Fed raises interest rates by 3 more yards, suggesting that the pace of rate hikes will slow | Anue Juheng – US stocks

The Federal Reserve (Fed) ended its November interest rate decision meeting on Wednesday (2nd) and raised the benchmark interest rate by another 3 yards as expected, raising the benchmark interest rate corridor to a range of 3.75% to 4%, raising interest rates to the highest since January 2008. , while suggesting it may change monetary policy to reduce inflation.

The outside world is concerned regarding the Fed’s signal on the rate hike in December. The latest statement released by the Federal Open Market Committee (FOMC), although not explicit, hints that it may change monetary policy.

The latest statement mentions that the Committee expects that continued increases in the target range will be appropriate to achieve a sufficiently restrictive stance of monetary policy to bring inflation back to 2% over time.
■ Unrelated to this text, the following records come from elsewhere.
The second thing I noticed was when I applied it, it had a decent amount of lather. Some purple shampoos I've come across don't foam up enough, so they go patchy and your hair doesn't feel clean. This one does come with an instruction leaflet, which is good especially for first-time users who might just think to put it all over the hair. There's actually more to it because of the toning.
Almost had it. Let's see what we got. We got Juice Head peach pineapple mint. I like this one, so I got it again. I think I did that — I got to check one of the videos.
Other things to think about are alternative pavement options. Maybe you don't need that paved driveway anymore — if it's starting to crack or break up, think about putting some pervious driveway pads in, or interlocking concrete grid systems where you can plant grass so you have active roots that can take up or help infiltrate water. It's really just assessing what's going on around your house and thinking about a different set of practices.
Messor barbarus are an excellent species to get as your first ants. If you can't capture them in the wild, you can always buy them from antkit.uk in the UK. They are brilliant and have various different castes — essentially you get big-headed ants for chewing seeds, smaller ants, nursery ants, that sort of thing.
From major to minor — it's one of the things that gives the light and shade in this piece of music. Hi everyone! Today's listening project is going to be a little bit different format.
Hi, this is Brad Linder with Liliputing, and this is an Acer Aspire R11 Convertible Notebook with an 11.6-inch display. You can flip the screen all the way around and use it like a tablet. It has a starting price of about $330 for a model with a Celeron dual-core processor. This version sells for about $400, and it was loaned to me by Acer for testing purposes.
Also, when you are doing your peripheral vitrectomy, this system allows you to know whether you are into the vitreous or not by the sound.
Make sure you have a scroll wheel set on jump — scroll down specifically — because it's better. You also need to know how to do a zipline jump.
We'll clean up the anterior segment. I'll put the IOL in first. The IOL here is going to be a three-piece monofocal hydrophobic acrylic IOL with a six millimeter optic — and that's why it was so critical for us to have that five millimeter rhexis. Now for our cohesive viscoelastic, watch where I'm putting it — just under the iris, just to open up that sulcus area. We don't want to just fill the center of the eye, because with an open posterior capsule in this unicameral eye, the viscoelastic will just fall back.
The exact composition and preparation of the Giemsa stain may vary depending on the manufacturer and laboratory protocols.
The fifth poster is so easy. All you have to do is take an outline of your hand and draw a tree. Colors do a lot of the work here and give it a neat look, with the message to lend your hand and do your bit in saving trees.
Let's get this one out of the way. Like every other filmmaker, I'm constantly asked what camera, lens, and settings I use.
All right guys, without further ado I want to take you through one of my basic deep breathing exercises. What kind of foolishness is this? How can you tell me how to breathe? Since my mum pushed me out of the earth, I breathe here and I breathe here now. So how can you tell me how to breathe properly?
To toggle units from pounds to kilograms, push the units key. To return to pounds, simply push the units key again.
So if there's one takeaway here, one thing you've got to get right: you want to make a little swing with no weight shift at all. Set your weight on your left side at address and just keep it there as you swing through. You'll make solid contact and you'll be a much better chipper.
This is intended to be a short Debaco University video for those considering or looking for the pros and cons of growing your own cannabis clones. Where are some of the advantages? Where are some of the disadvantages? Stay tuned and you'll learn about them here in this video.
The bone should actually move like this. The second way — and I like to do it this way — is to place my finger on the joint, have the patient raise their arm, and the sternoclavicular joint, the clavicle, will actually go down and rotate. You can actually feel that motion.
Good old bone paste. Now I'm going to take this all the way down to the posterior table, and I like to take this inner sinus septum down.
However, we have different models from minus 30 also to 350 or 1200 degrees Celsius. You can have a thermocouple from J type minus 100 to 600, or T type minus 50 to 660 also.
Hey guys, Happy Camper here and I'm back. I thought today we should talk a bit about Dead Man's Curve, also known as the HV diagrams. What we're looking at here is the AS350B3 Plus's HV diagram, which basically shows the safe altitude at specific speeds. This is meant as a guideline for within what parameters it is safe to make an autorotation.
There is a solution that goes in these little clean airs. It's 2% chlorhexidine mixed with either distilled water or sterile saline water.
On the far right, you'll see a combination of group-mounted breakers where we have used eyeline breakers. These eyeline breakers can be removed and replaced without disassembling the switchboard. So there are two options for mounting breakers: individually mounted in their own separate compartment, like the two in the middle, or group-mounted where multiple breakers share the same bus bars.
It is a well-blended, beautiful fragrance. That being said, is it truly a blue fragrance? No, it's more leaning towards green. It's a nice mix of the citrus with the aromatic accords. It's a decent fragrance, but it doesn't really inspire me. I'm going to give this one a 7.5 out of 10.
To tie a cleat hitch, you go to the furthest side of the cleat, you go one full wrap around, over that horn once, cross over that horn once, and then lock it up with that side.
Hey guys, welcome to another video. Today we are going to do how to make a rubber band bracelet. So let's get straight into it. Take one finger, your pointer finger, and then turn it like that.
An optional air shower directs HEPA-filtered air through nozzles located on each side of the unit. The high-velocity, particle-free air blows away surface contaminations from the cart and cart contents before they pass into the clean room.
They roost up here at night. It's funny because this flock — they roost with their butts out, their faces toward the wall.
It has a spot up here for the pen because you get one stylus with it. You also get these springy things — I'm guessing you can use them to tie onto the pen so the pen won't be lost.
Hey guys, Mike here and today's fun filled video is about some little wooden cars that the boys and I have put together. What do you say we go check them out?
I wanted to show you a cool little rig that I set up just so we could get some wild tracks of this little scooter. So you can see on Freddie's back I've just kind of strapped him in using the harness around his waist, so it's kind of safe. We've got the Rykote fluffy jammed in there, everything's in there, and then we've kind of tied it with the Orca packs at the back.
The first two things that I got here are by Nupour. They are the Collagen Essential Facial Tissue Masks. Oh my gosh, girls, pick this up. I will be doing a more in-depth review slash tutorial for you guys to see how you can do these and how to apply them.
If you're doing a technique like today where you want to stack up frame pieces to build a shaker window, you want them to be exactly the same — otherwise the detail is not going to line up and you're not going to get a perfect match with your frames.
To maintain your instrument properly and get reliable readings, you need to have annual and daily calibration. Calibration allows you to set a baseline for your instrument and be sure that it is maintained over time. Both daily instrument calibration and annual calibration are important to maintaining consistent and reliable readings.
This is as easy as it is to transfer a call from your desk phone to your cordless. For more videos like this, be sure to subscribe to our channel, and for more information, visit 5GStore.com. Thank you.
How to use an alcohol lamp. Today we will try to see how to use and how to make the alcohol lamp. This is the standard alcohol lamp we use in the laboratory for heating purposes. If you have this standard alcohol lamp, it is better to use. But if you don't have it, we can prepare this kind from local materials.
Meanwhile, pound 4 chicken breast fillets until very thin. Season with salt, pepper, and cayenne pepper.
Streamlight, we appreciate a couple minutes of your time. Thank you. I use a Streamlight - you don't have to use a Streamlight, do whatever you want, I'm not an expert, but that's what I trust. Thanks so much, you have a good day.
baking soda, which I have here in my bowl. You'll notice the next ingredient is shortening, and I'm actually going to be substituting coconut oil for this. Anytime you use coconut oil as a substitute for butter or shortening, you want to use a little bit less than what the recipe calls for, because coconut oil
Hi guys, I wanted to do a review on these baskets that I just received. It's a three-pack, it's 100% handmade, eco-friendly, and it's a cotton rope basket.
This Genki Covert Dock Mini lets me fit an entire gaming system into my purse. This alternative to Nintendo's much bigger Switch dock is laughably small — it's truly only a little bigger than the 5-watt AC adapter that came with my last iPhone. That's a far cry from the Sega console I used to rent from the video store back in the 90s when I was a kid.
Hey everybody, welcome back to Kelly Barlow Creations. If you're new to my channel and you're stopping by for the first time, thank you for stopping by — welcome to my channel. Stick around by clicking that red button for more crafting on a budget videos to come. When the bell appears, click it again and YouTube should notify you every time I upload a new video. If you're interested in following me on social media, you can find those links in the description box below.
The statement added: “In determining the pace of rate hikes in the future target range, the Committee will take into account the cumulative tightening of monetary policy, its impact on economic activity and lagging inflation, and economic and financial developments.”

According to market interpretation, this is a signal that the Fed will consider the extent of future interest rate hikes and that it will take some time for interest rate hikes to have an impact on the economy.

Stocks and bonds jumped on news of the Fed’s resurgent hopes. After the announcement of interest rates,Dow JonesOn Wednesday followingnoon, it flew high, rising more than 280 points.10-Year U.S. Treasury YieldThe decline extended to 3.995% from 4.042% previously.US dollar indexOn hearing the news, it fell more than 0.6%.

“The FOMC understands the lag in the impact of monetary policy on the economy, and committee members are willing to slow the pace of rate hikes as higher rates enter the financial system,” said Brent Ciliano, chief investment officer at First Citizens Bank Wealth Management.

“But markets are likely to remain volatile as investors grapple with slowing global growth, rising inflation and interest rates,” Ciliano added.